Ma presto siamo delusi dal risultato. La nostra laboriosa cura finisce in un fallimento. I desideri peccaminosi sono troppo magistrali. Come disse Lutero: "Il vecchio Adamo è troppo forte per il giovane Melantone". Allora vediamo che la Croce ha messo la morte tra noi e il nostro doloroso sforzo. Apprendiamo che il contratto matrimoniale che ci legava al nostro primo marito, la Legge, è stato sciolto.
Siamo liberi di entrare in unione matrimoniale con il Signore benedetto, ed Egli, mediante il Suo Spirito interiore, effettua in noi ciò che le nostre energie non sono riuscite a produrre. Siamo uniti a Colui che è stato risuscitato dai morti e portiamo frutto a Dio.
14 il conflitto interiore
Romani 7:14
L'Apostolo dà un'ulteriore affermazione della sua esperienza personale dell'incapacità dell'anima di realizzare l'ideale divino che le è stato rivelato come norma e tipo della sua realizzazione. La vita non scorre liscia. Ci sono fatica, fatica, fallimento, la coscienza del peccato, lo splendore abbagliante della luce del sole su cime inaccessibili. Perchè è questo?
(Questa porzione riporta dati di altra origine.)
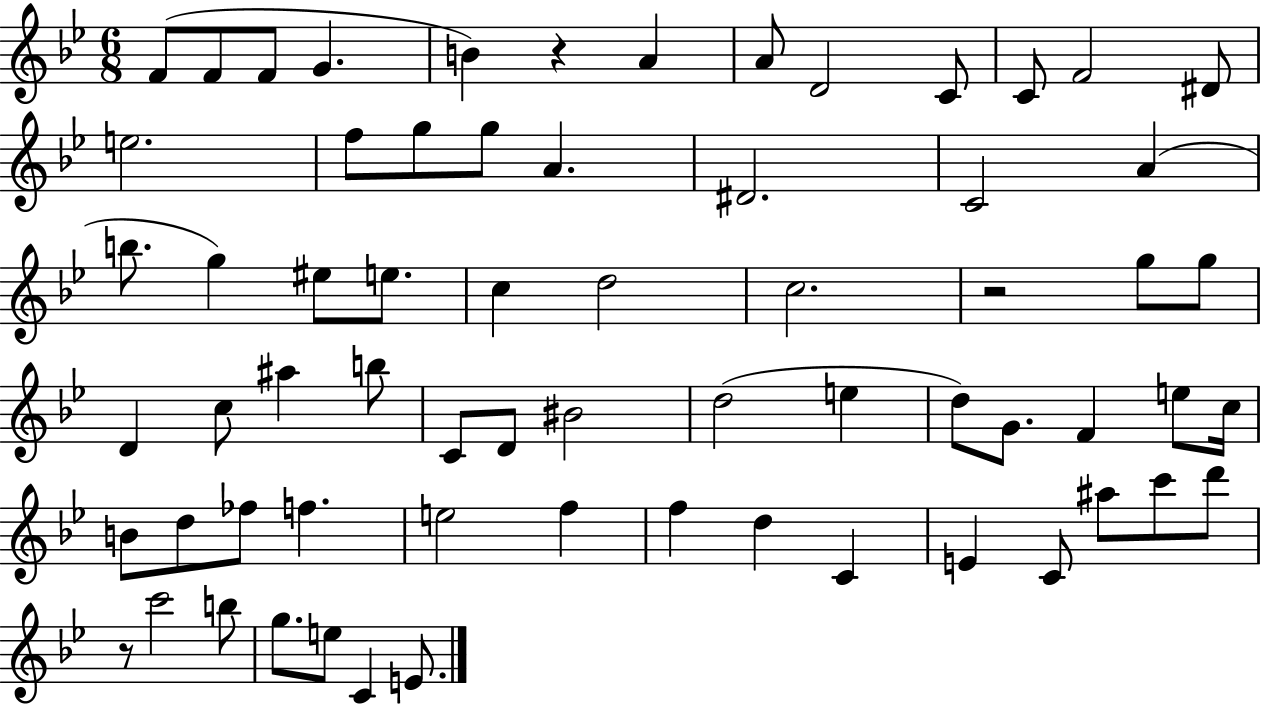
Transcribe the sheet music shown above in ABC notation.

X:1
T:Untitled
M:6/8
L:1/4
K:Bb
F/2 F/2 F/2 G B z A A/2 D2 C/2 C/2 F2 ^D/2 e2 f/2 g/2 g/2 A ^D2 C2 A b/2 g ^e/2 e/2 c d2 c2 z2 g/2 g/2 D c/2 ^a b/2 C/2 D/2 ^B2 d2 e d/2 G/2 F e/2 c/4 B/2 d/2 _f/2 f e2 f f d C E C/2 ^a/2 c'/2 d'/2 z/2 c'2 b/2 g/2 e/2 C E/2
È dovuto alla mancanza di "potenza di salvezza".
Non siamo abbastanza forti per vincere alcuna vittoria. Siamo deboli attraverso la carne. C'è una perdita attraverso la quale i nostri buoni desideri svaniscono, come l'acqua attraverso un vaso incrinato.
Il sé è sempre la difficoltà. Prima di trovare Cristo, o di essere trovati da Lui, cerchiamo di giustificarci e poi di santificarci. Nota quanto sono pieni di me questi versetti e quanto poco si dice dello Spirito Santo. Come il cadavere di un criminale che era, nei vecchi tempi barbari, appeso al collo di un uomo vivente, così è per noi la carne, con tutti i suoi impulsi malvagi.
Ma questo sfondo di esperienza oscura, che termina con vanità, vessazione, delusione e miseria, conduce al capitolo successivo, che è saturo di potere pentecostale. La lontana anticipazione di questo ci fa rivivere, come il profumo della terra per gli animali ammalati di un lungo viaggio; e ringraziamo il nostro Dio.